Autenticação precisa observar o contexto
O sistema ganha qualidade quando compara o rosto com outros sinais da operação. O dispositivo usado, a localização aproximada, o horário, o histórico de transações e a sequência de navegação ajudam a separar uma pessoa autorizada de uma sessão suspeita.
Na nossa mesa de câmbio, a mesma regra aparece em operações empresariais: nossos clientes exportadores podem trocar de dispositivo durante uma viagem ou autorizar uma operação fora do padrão. Um alerta contextual precisa distinguir uma mudança explicável de um comportamento realmente incompatível, sem bloquear automaticamente uma atividade legítima.
O caso judicial divulgado em 15 de agosto de 2026 reforçou esse ponto. Em uma contratação contestada de empréstimo, selfie e biometria facial, sozinhas, não comprovaram a autoria. A perícia identificou divergências de localização, dispositivo e endereço IP, além de registros técnicos insuficientes.
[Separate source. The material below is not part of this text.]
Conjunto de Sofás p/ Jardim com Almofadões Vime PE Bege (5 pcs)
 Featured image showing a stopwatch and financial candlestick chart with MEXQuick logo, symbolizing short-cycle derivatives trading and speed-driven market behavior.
A lição operacional é direta: a imagem facial deve integrar uma trilha de evidências. Registros de sessão, dados do dispositivo, prova de vida, histórico de comportamento e auditoria posterior formam uma defesa mais consistente do que uma única correspondência biométrica.
Biometria facial, senha, token ou cartão
Nenhum método elimina completamente o risco de fraude. A escolha correta depende da operação, do perfil de risco, da acessibilidade do canal e da capacidade de monitorar eventos suspeitos depois da autenticação.
| Método | Força | Limitação | Controle complementar |
|---|---|---|---|
| Biometria facial | Vincula a autenticação a uma característica física | Deepfakes, falsos positivos e falhas de captura | Prova de vida, dispositivo e comportamento |
| Senha | Amplamente disponível e simples de substituir | Roubo, reutilização e compartilhamento | Limite de tentativas e autenticação adicional |
| Token | Adiciona um fator temporário à sessão | Interceptação, perda ou engenharia social | Vinculação ao aparelho e análise de risco |
| Cartão | Integra identificação e autorização presencial | Perda, clonagem e uso indevido | Chip, senha, bloqueio e monitoramento |
A biometria oferece uma vantagem relevante: o usuário não precisa memorizar um segredo nem carregar um objeto físico para iniciar a identificação. Isso não significa que ela seja automaticamente superior em todas as situações. O cadastro facial pode falhar com iluminação inadequada, câmera de baixa qualidade, alterações de aparência ou limitações motoras e visuais.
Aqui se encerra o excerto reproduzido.